The paper explores the challenge of estimating heterogeneous treatment effects when outcome data is missing at random (MAR). This situation is prevalent in real-world scenarios, where data collection processes often encounter incomplete datasets. The authors critically assess the underlying biases and inefficiencies that arise from using conventional machine learning approaches to estimate the Conditional Average Treatment Effect (CATE) in these conditions.

A primary focus is the impact of MAR outcome data on existing causal machine learning estimators, specifically the DR-learner and EP-learner, which traditionally assume fully observed datasets. The paper argues that these conventional methods do not adequately address under-representation, especially in subgroups with high dropout rates, resulting in biased CATE estimates. Common strategies such as using inverse probability of censoring weights (IPCW) or data imputation are noted to introduce further inaccuracies due to the inherent complexities and slow convergence rates associated with non-parametric machine learning techniques.

To ameliorate these issues, the authors introduce two novel estimators: the mDR-learner and mEP-learner. These are enhanced versions of the DR-learner and EP-learner that incorporate correction mechanisms specifically designed for MAR data. The mDR-learner modifies the pseudo-outcome construction process by integrating IPCWs, thereby adjusting for both the missing data and pre-existing confounding in the analysis. Similarly, the mEP-learner extends the EP-learner by employing an infinite-dimensional targeting approach, aiming to stabilize CATE estimates even in the presence of extreme propensity scores.

The authors provide a detailed illustration of the empirical performance of these estimators through simulations, demonstrating that both the mDR-learner and mEP-learner achieve oracle efficiency under feasible conditions. The simulations reveal that these modified estimators outperform traditional methods in scenarios characterized by complex CATE or MAR patterns.

The practical application of the proposed methods is exemplified through an analysis of the ACTG175 trial, focusing on the efficacy of zidovudine mono-therapy compared to other antiretroviral regimes among HIV-1-infected individuals. This real-world dataset underscores the importance of robust CATE estimation techniques, as missing outcome data is a common issue in clinical trials. The findings from the ACTG175 trial analysis suggest that the mDR-learner and mEP-learner provide stable and reliable CATE estimates, accounting for under-representation due to dropout.

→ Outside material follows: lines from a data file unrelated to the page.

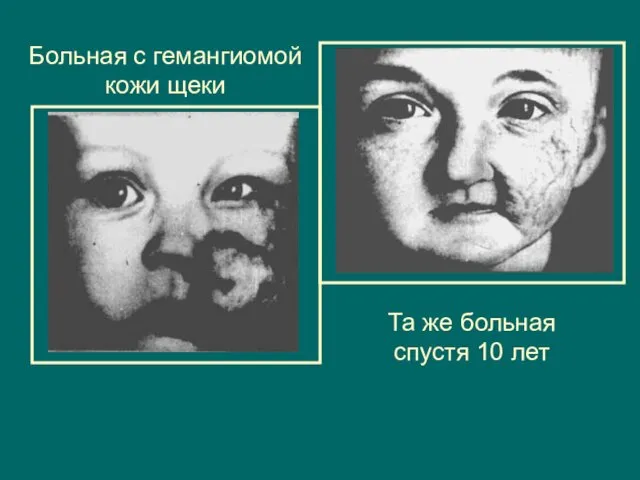 Больная с гемангиомой кожи щеки Та же больная спустя 10 лет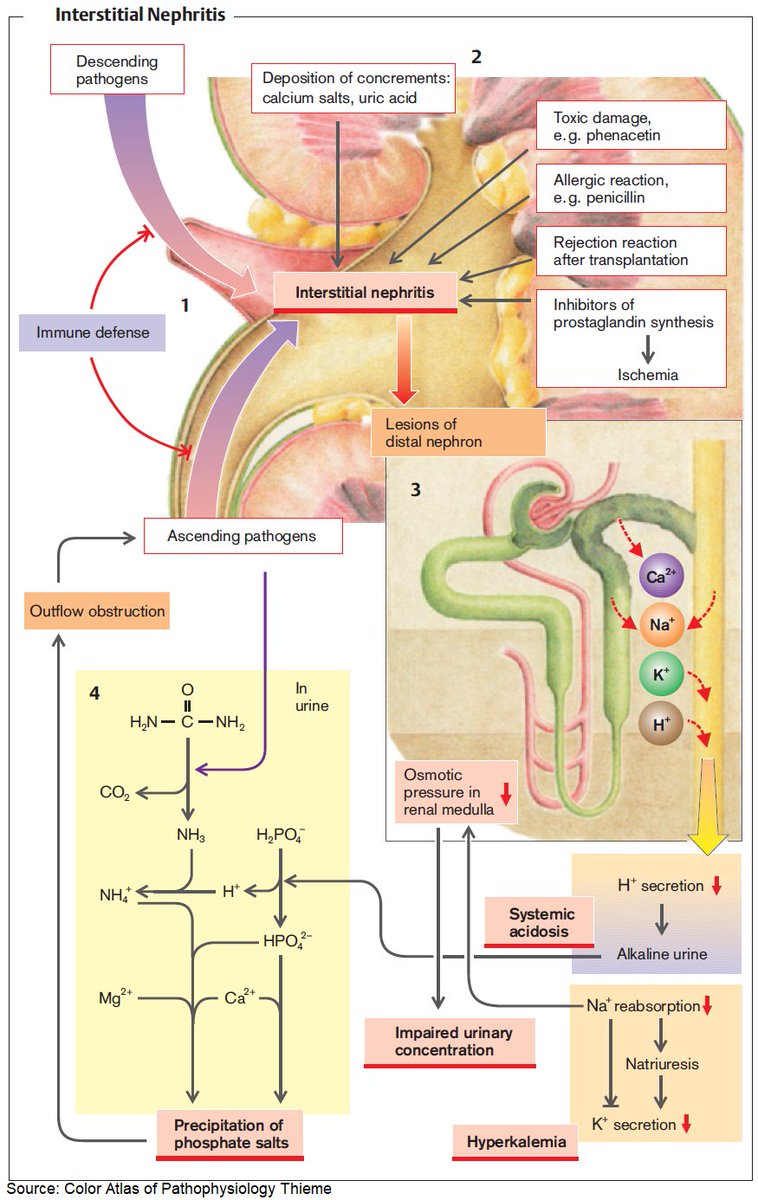 Pathophysiology of Interstitial Nephritis

#medtwitter #foamed #meded #nephrology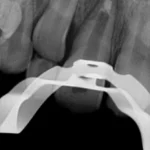 Radiografia dental mostrando a estrutura de suporte de um implante em odontologia. A imagem ilustra o posicionamento correto para tratamento dental.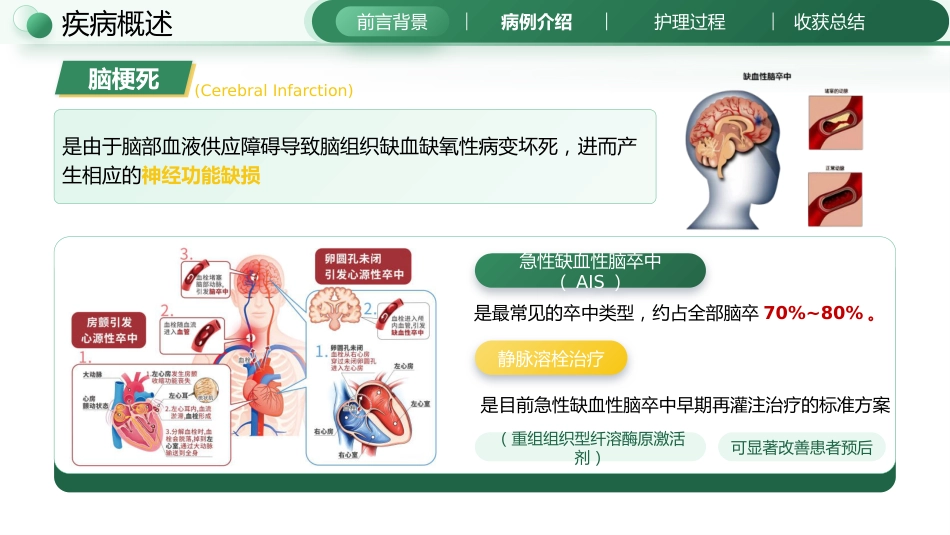 一例静脉溶栓患者康复护理个案_第3页
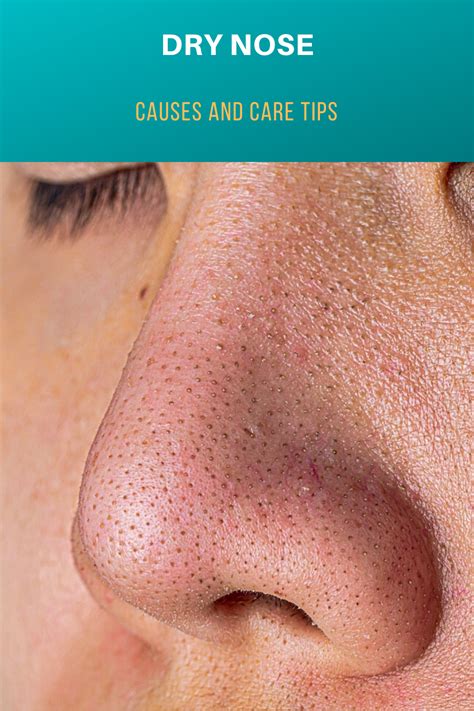 Dry Nose Causes And Care Tips Dry Nose Dry Nose Remedy Dry Nose Skin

The paper elucidates the theoretical advancements and algorithmic implementations required for the mDR-learner and mEP-learner, offering guidance on their application in practice. It also suggests potential areas for future research, such as extending the methodologies to accommodate more complex data structures, including post-baseline covariates and datasets with missing covariate information.

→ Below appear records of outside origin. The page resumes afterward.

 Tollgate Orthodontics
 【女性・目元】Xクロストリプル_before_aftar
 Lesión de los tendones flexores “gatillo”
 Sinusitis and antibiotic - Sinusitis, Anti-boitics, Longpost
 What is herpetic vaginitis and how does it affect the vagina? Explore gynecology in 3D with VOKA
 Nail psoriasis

The implications of this work are significant for the field of causal inference, particularly in biomedical research, where treatment effect heterogeneity is of paramount interest, and data completeness cannot be guaranteed. Advances like the mDR-learner and mEP-learner can potentially transform how practitioners address the challenges posed by missing data, enabling more accurate estimation of treatment effects and consequently informing clinical decision-making.

By providing a robust framework for addressing the intricate interactions between causal inference and data incompleteness, this paper contributes meaningfully to the toolkit available for researchers dealing with heterogeneous treatment effects in complex datasets.